Input data below:
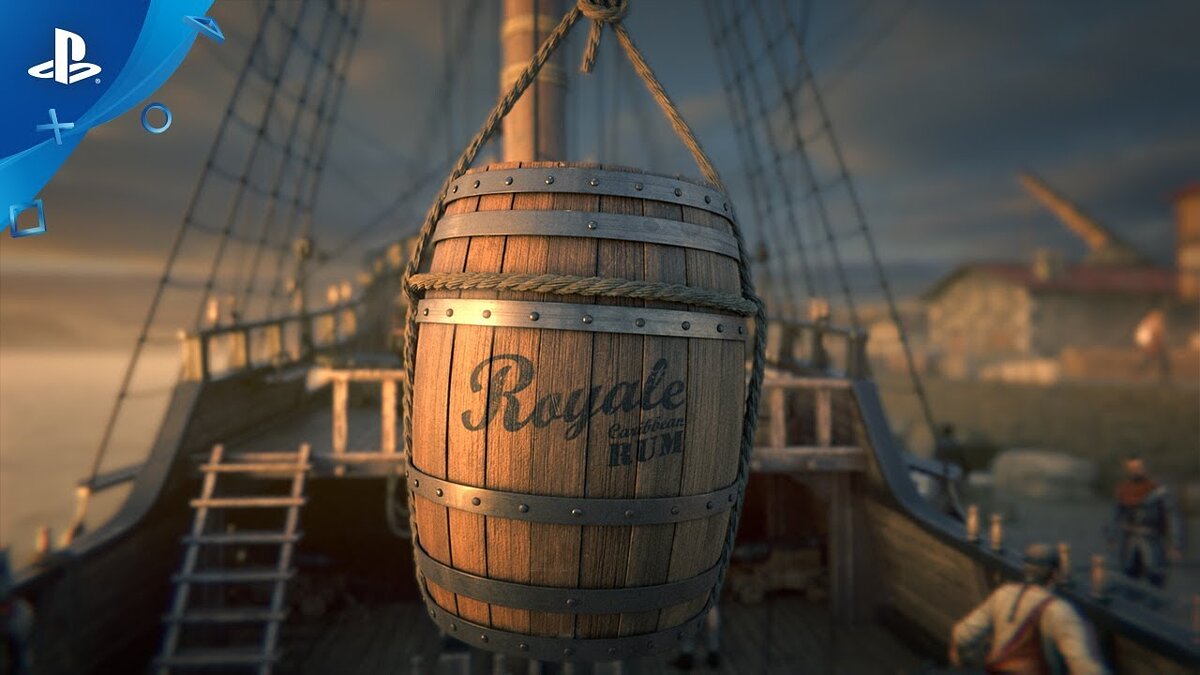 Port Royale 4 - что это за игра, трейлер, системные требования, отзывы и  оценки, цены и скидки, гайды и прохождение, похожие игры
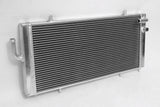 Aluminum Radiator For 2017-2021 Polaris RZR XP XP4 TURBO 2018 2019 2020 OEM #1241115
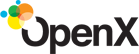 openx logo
End of Input data.
Work item: Without copying any picture, write out all of the material exactly as it reads.

Task response:
 Port Royale 4 - что это за игра, трейлер, системные требования, отзывы и  оценки, цены и скидки, гайды и прохождение, похожие игры
 Aluminum Radiator For 2017-2021 Polaris RZR XP XP4 TURBO 2018 2019 2020 OEM #1241115
 openx logo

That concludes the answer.